英語と洗練

 街を歩きながらちょっと注意すると、英語の看板があふれていることに気が付く。別に日本語のできない外国人に便利なように、というわけではなくて、なんとなく洗練されて見えるからだろう。道ゆく人のTシャツやトレーナーには英文がよく書かれている。

 本の表紙なんかでも、別に翻訳本でもなんでもないのに、飾り的にタイトルや著者名が英文表記されていることが多い。

 あるいは、日本のポップスではサビ(曲の一番盛り上がるところ)に突然、英語がくることが多い。歌っている人間、あるいは聴いている人間がその英語をわかっているかというと、かなり怪しい。もっとも、英語サビは昔のほうがひどくて、たとえば、小室哲哉が売れていた頃にはサビは英語だらけであった。安室奈美恵の「Can You Celebrate」なんて他動詞と自動詞の違いがわからないものだから、「祝ってくれますか?」と言いたいところ、「儀式を行えますか?」「大騒ぎできますか?」という不可解な意味になっていた。できもしない英語を使うものじゃないな、と当時思ったものだ。

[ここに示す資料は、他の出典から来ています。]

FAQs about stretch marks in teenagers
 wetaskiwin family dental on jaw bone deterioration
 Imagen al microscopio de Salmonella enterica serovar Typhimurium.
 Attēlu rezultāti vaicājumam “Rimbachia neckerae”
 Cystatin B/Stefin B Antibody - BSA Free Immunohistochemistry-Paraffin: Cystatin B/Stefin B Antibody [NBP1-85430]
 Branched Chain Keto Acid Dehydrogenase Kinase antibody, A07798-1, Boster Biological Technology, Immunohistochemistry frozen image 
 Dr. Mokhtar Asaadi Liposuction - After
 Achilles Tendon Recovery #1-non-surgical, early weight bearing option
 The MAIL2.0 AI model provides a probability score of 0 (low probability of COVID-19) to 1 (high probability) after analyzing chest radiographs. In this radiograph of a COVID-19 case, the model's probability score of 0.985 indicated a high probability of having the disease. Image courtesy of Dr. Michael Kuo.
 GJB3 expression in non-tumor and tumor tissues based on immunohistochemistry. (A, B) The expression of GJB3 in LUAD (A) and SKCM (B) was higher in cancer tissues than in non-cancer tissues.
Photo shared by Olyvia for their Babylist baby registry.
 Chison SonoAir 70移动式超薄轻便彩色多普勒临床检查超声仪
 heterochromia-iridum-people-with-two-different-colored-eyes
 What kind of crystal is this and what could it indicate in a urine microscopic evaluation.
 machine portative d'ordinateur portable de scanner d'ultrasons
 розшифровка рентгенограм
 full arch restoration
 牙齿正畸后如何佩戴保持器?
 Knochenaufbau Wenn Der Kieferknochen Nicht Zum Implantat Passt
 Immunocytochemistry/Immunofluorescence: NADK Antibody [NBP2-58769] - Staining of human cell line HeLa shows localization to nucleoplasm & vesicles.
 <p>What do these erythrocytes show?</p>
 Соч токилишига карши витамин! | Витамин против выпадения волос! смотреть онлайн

 なぜにこれほど英語であふれているか、それも自分たちではあんまり理解できないのに、というと、まあ、我が国の文化的状況がそうだから、ということになるのだろう。英語があると高まって見える、カッコウよく見える、という共通理解みたいなものが広がっているのだろう。第二次対戦後の状況も関係しているだろうし、明治・大正頃の文化・学問輸入状況も関係しているだろうし、もっとさかのぼれば、黒船以来の圧力というものも関係しているかもしれない。韓国や中国も英語であふれているようだから、もっと広く東アジアの文化的視線で眺めてみることもできそうだ。

 もっとも、母国語以外の言語がカッコウよく見えるというのは何も日本だけの話ではない。欧米人が日本語や中国語をタトゥで入れたり、日本語や中国語の書かれたTシャツを着たりというのも、一種のエキゾチシズム、意味がわからないからこその魔術的魅力なのだろう。日本(あるいは東アジア)の場合には、そこに洗練、文化的憧れ、優劣みたいなものが混じってくるから、おれなんぞはちょっともやもやしてしまう。

「一番」と書かれたTシャツを欧米人が着ているのを見ると、ちょっと可笑しいような困ったような心持ちとなるように、日本人がよくできもしない英語を憧れで使うのはもしかして英語のネイティブからすると可笑しいような困ったようなものなんではないか、とも思うのだ。